Since I’m not a completely horrible person, when I teach my usual half-day training programs on harassment prevention or workplace violence, I give the participants a break each hour. I’m well aware that the people listening to me need a break from the sound of my lilting tones, to check their phones, to get another cup of go-juice, or to go to the bathroom.
Once I’ve taken care of all those issues myself, I often spend time standing outside or in the room chatting with whoever walks by. I was doing such a thing last year when a man attending my session started talking about how unhappy he was with his current job and how he was looking to leave. I made some noncommittal comment and he continued to say that he wanted to get another job but thought he needed a degree, had never went to college, he was too old to go back now, and besides, he just didn’t have the money or the time. I nodded politely. Then he said, “You know, you’re really lucky you have your degrees to fall back on.”
The people who take my classes can read my bio and see evidence of my grad school education. I rarely bring it up because I assume they assume that if their employer brought me in, I must be reasonably qualified to teach.

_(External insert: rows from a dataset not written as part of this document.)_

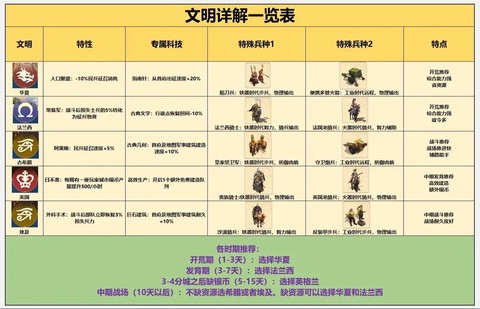 目前世界纪元的方法是以什么为标准[图2]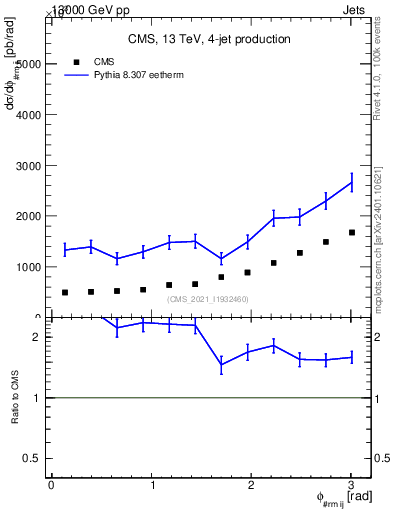 Plot of jj.dphi in 13000 GeV pp collisions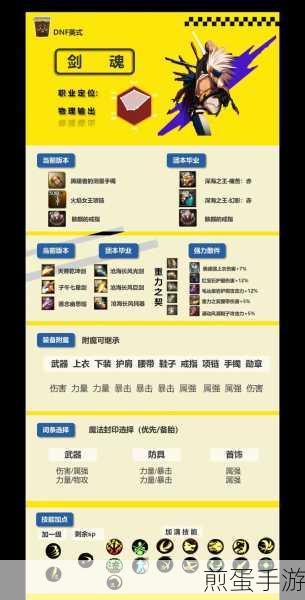dnf110剑魂回归装备怎么选dnf剑魂回归选什么史诗套，深度解析与最佳选择指南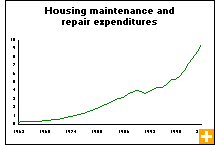 Chart: Housing maintenance and repair expenditures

I’ve heard his type of comment before and I usually just smile and make some self-deprecating remark about “right place, right time.” But this time my blood began to boil. I said, “Let me correct you about that. Luck had absolutely nothing to do with my four college degrees. I worked my butt off. A lot of people I knew during that time told me they were too busy with their work and their families to go to school like I did. I was just as busy as them, if not more. I worked harder than most people are willing to work, to get to where I am today.”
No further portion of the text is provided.